During the Pocahontas County Commission meeting on Tuesday morning, Bartow-Frank-Durbin Fire Chief Kenneth “Buster” Varner and Marlinton Fire Chief Herb Barlow offered advice on how a contribution of $100,000 to the six county fire departments should be allocated. The two fire chiefs told the commission that departments responding to a greater number of calls should get the majority of the contribution.
“My thought would be to divide it six ways,” said Commissioner David McLaughlin.
“The only thing about dividing that equally – Durbin has two stations,” said Varner. “The other thing is, some stations run a lot and some don’t run nearly as much as the others. Of course, the ones that run a lot have a lot more bills and finance issues. So, I’m not sure that dividing equally is the way to go.”
The Pocahontas County Fire Association board includes two representatives from each fire department in the county.
“My goal was to turn it over to the Association and let you all work it out,” said Commissioner Jamie Walker. “Because you all, obviously, should know more about what each other does than we do.”
Walker expressed concern that basing the money allocation on number of calls would result in unnecessary responses.
“I’ve heard complaints in the past that there was stuff sent from other areas that was not needed, for vehicle wrecks or individual things,” he said. “I don’t know, but it worries me that if you go totally by the number of calls, are we going to start sending stuff that’s not needed just to get more money?”
Emergency Management Services Director Shawn Dunbrack concurred with Walker that the Fire Association is in a better position to make decisions regarding distribution of the money.
“My personal opinion is that the Fire Association is the best group to make that decision on how it should be divided,” he said. “That’s actually the fire departments. They know what their expenses are. It’s my personal opinion that it would be better if they had that money and let them make that decision, rather than the commissioners trying to get involved and micro-managing the volunteer fire departments, that you really have no control over anyway.”
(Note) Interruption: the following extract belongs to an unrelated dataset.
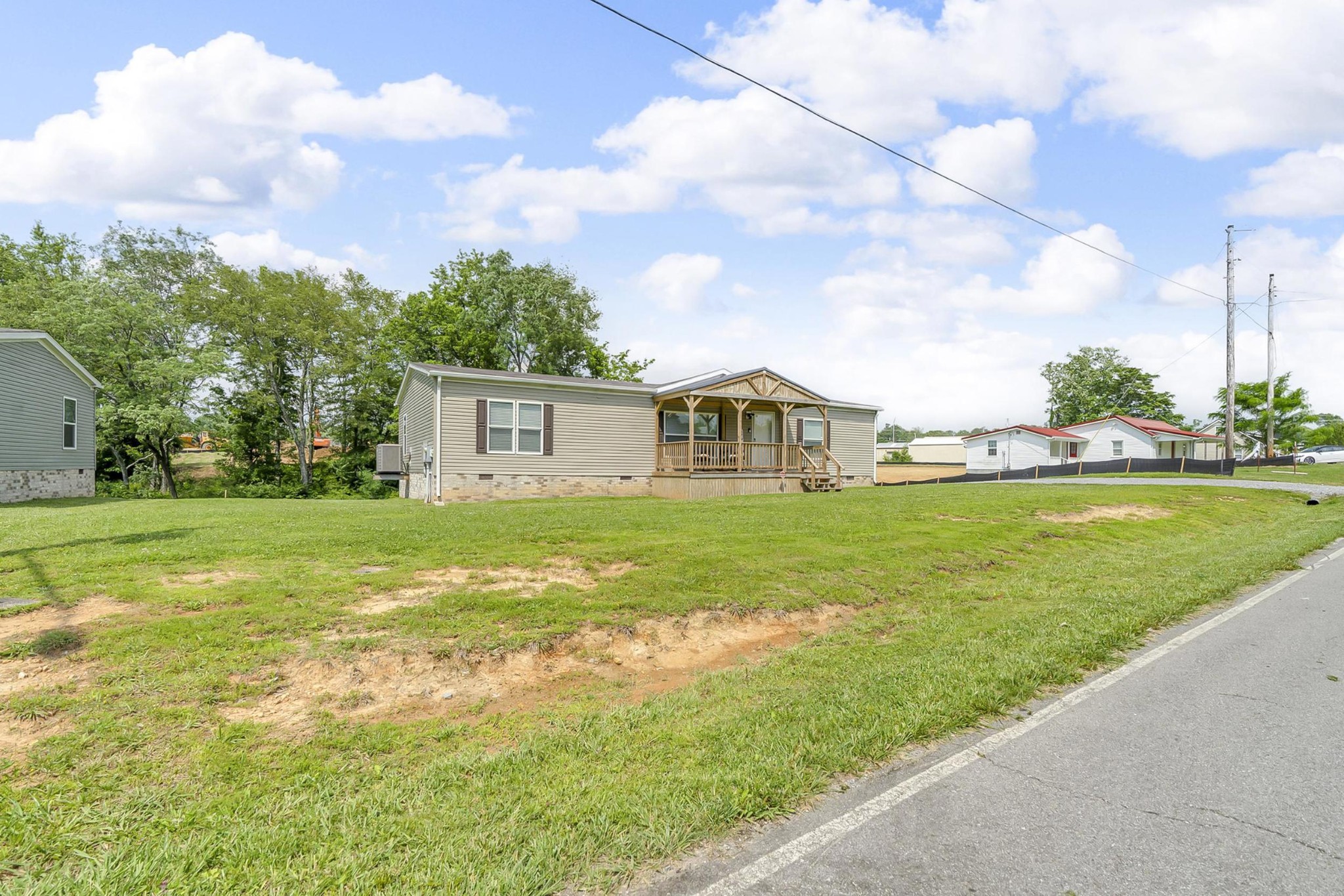 599 Days Road Lafayette, TN 37083 - Photo 25 of 32 a view of a house with a yard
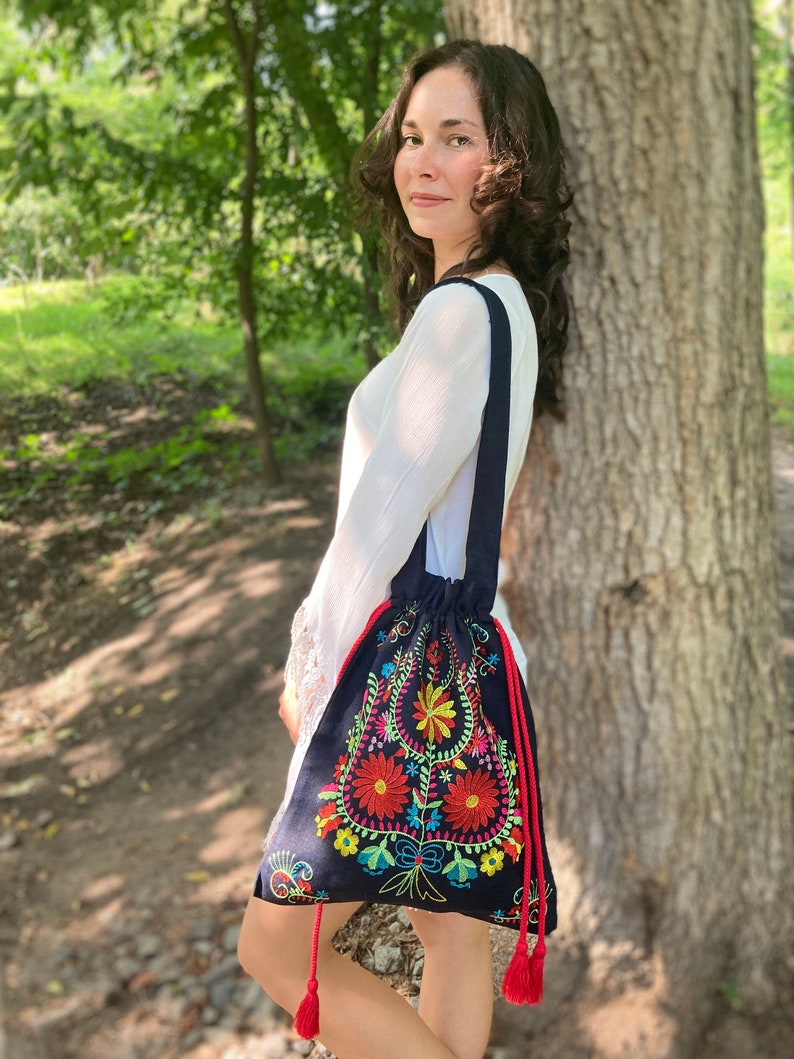 May include: A dark blue drawstring bag with colorful floral embroidery. The bag has red tassels.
The Commission agreed with Dunbrack and allocated the $100,000 to the Fire Association for distribution to individual fire departments. The Commission made the contribution in addition to a $50,000 allocation to the Fire Association from hotel/motel tax receipts.
Cynthia Gurreri, representing the Pocahontas County Art Council, spoke to the Commission to protest a recent funding reduction. During its meeting on January 20, the Commission reduced the Council’s percentage of hotel/motel tax remainder from six percent to four percent – a cut of more than $10,000 at 2014 funding levels.
Gurreri explained that the Arts Council, as opposed to other art groups, is involved mainly in art education and promoting tourism.
“It’s not as much about retail sales as it is with getting visitors to come to our festivals, our co-ops, our shops and to see our trains,” she said. “I listen to the radio every day. I hear “Fourth Avenue” and they’re doing a great job, but they’re retail and they’re selling for themselves. Everything the Art Council does we do for all the arts in the county. Individuals, co-ops, anybody who has an art, we can display it. That’s what our job is – to help all the other organizations have other ways of displaying their art.”
Gurreri described ongoing programs in county schools.
“I feel like, if you cut my budget like this, that you’re not giving me the money I need to continue building on what we already have,” she added.
Walker expressed his desire to see more cooperation between the county’s art groups.
“I feel that, if the art groups, your co-ops, councils, individual groups, if you’d all get together and work together, and quit trying to spite each other, you’d have half the rent, you’d have twice the space and you’d have twice the productivity,” he said.
Gurreri responded that the Art Council supports all art groups in the county.
“What we do is for the whole county, not one individual or one organization,” she said. “We are doing it for everybody.”
The Commission was reluctant to change the annual hotel/motel tax allocation that it had agreed upon at its last meeting.
“I think re-adjusting the percentages is not something that we’re going to want to do today,” said McLaughlin. “That’s probably not an option.”
The Commission declined changing the Art Council percentage for the year. Commissioner William Beard said additional funding might be available from contribution funds, and invited the Art Council to submit a request for those funds at a future meeting.
In other business, the Commission:
– Approved a payment of $5,000 to purchase the County Commission website from former commissioner David Fleming, along with an annual maintenance, training and support payment of $200 for the coming year;
– Approved a partnership with the Water Resources Task Force, Health Department and Greenbrier Valley Conservation District for a program to pay for repair or replacement of septic systems in the Knapps Creek watershed (See next week’s edition for details of the program);
– Approved a $500 contribution to the Mountain Music Trail project, which seeks to increase music tourism in a five-county area;
– Approved a $5,000 contribution to Almost Heaven Habitat for Humanity;
– Agreed to seek bids on the replacement of a garage door in the Hanover Building.
The next regular County Commission meeting is scheduled for February 17 at 5:30 p.m.